:: Supplied material
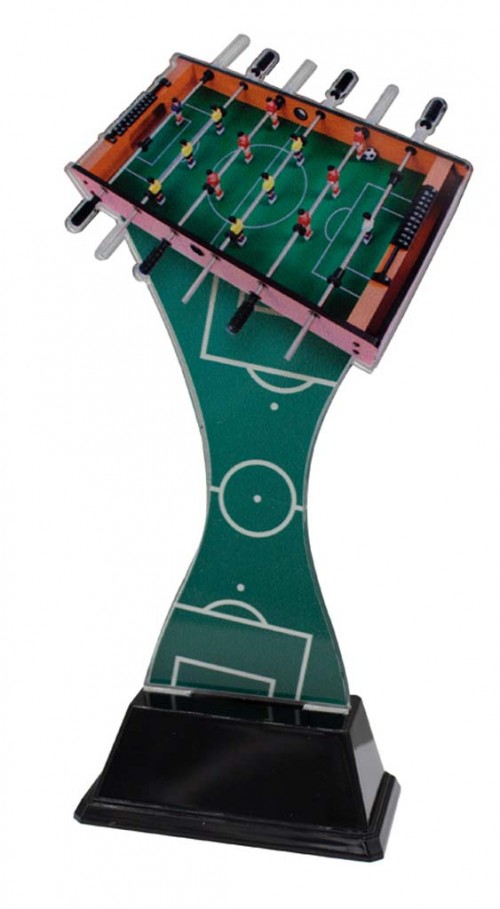 (252)  TROFEO METACRILATO FUTBOLIN  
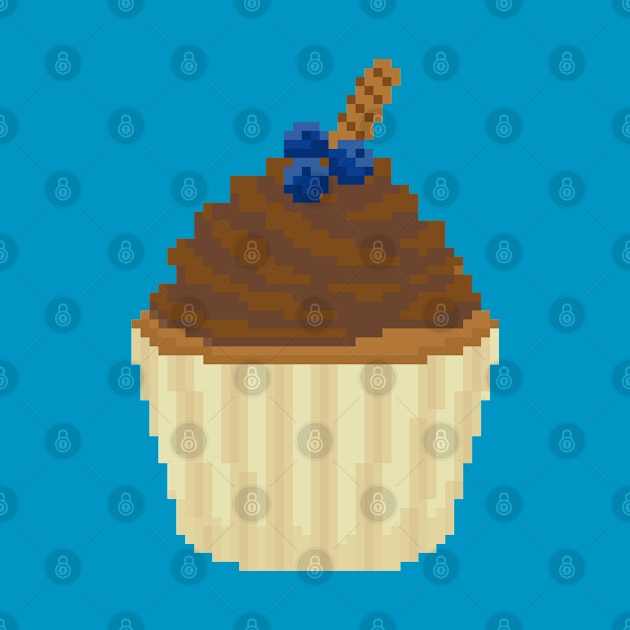 Light chocolate cupcake pixel art by toffany's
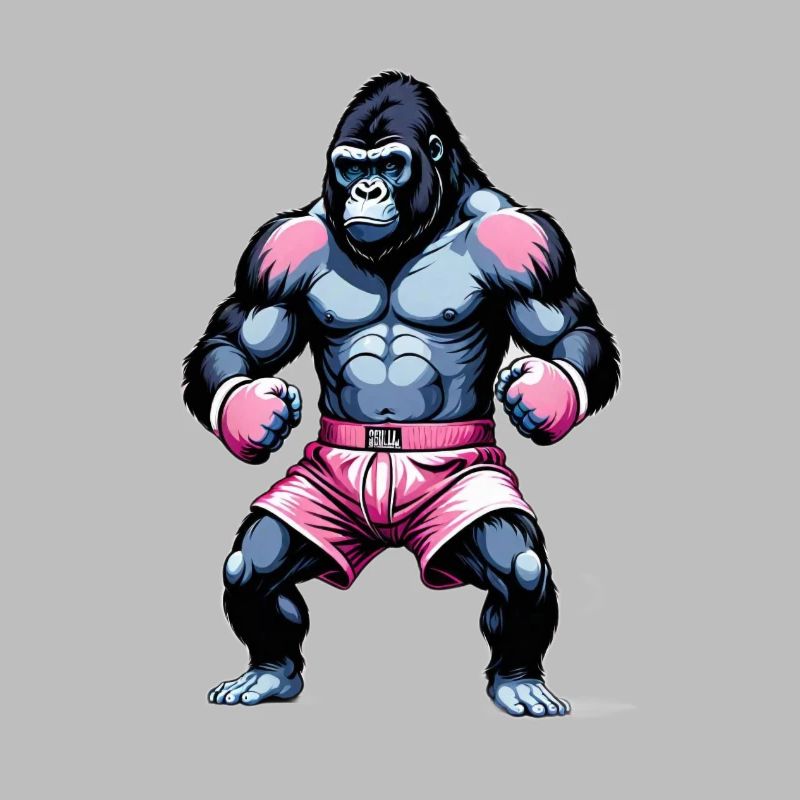 Boxe Boxeur Gorille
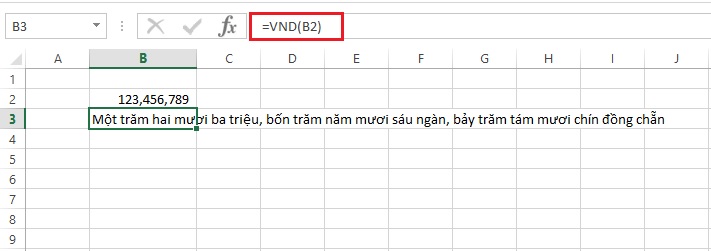 Đổi số thành chữ trong Excel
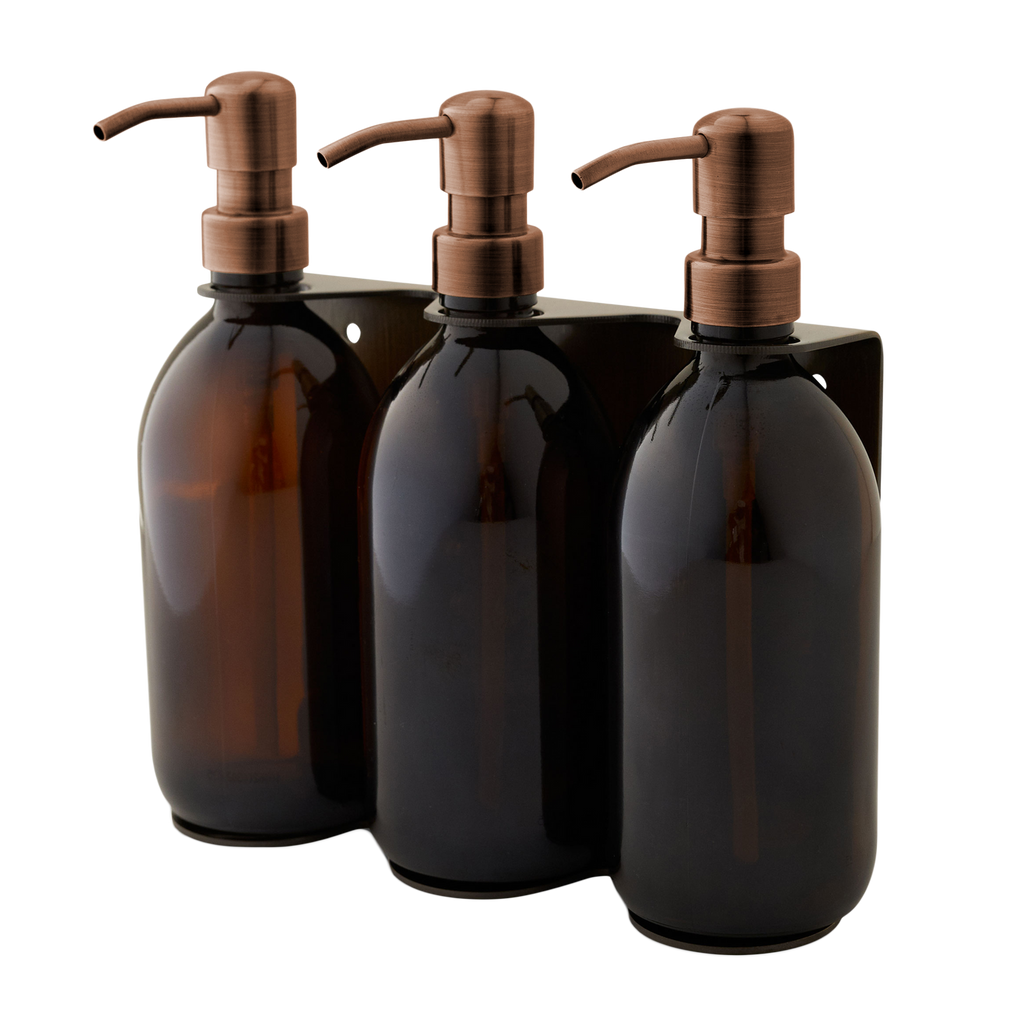 Gold Triple Wall Mounted Soap Dispenser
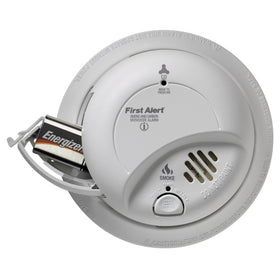 BRK SC9120B interconnection setup showing multiple alarms linked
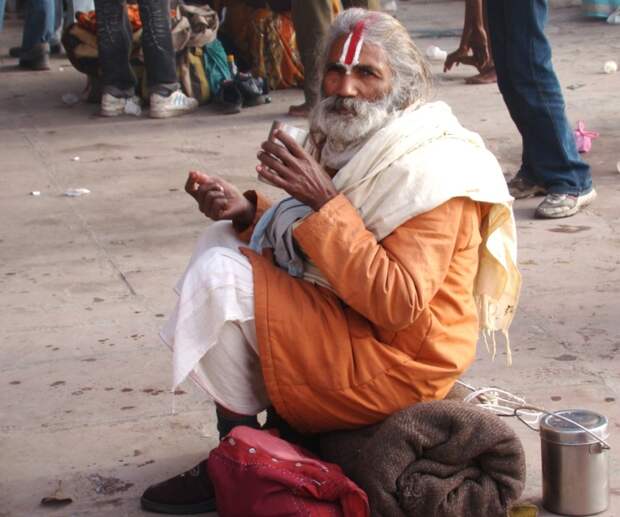 странствущий садху на Кумбха мела. Фото / Sadhu. Photo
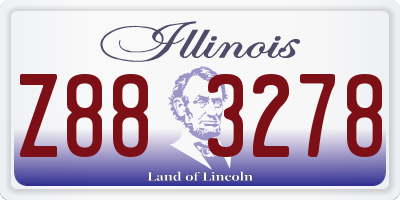 IL license plate Z883278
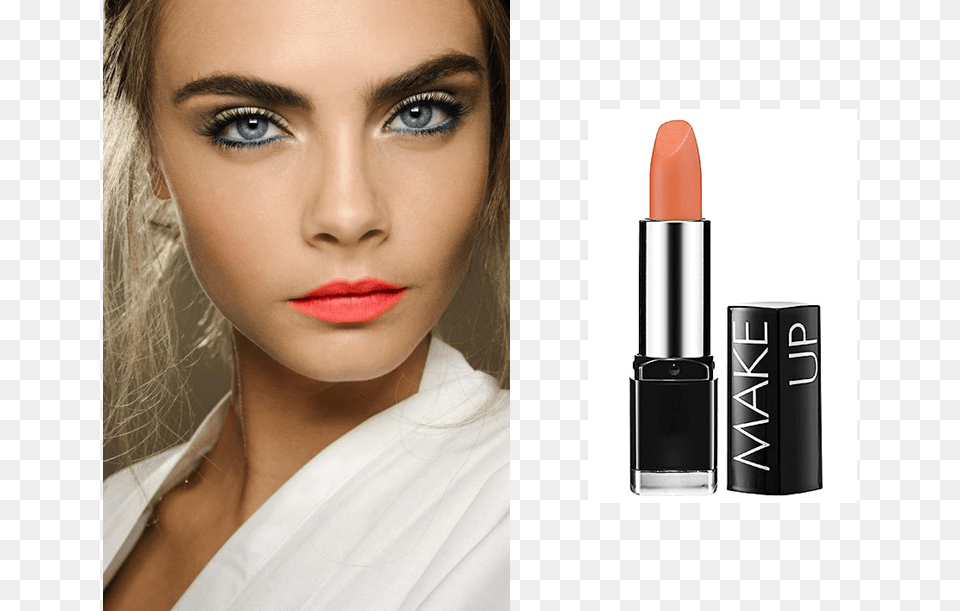 Free Mac Lipstick Smoky Eye Yeux Bleu, Cosmetics, Adult, Female, Person Png Image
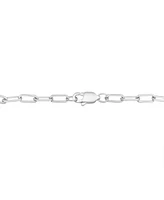 Diamond Heart Chain Paperclip Link Bracelet (1/6 ct. t.w.) in Sterling Silver, Created for Macy's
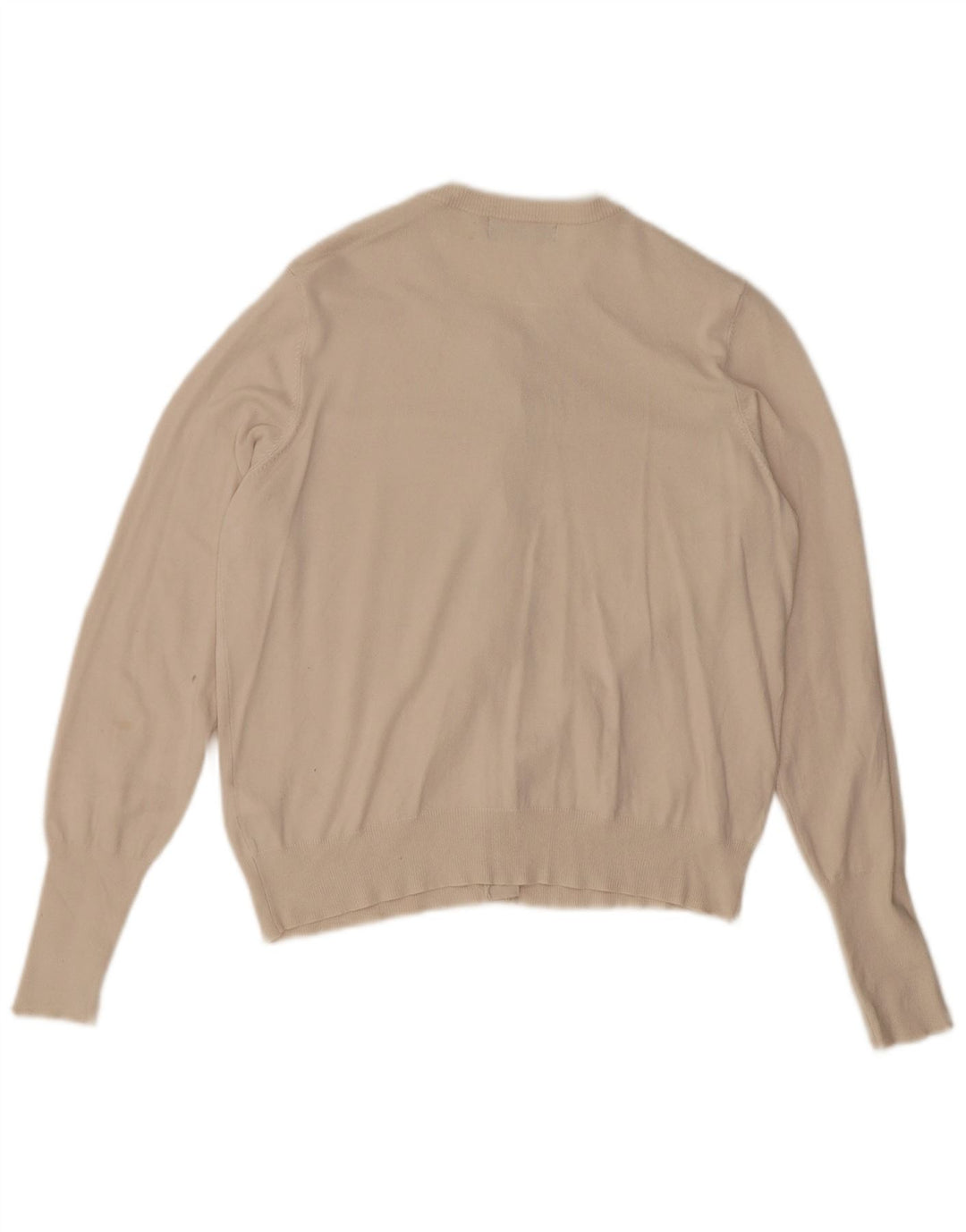 Marks & Spencer Dame Cardigan Sweater UK 14 Medium Off White Viscose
::::
**What you will do**
Print again, word for word, every line from the line with "странствущий садху на" to the final line of the records, inclusive; skip the pictures.

**Solution**
 странствущий садху на Кумбха мела. Фото / Sadhu. Photo
 IL license plate Z883278
 Free Mac Lipstick Smoky Eye Yeux Bleu, Cosmetics, Adult, Female, Person Png Image
 Diamond Heart Chain Paperclip Link Bracelet (1/6 ct. t.w.) in Sterling Silver, Created for Macy's
 Marks & Spencer Dame Cardigan Sweater UK 14 Medium Off White Viscose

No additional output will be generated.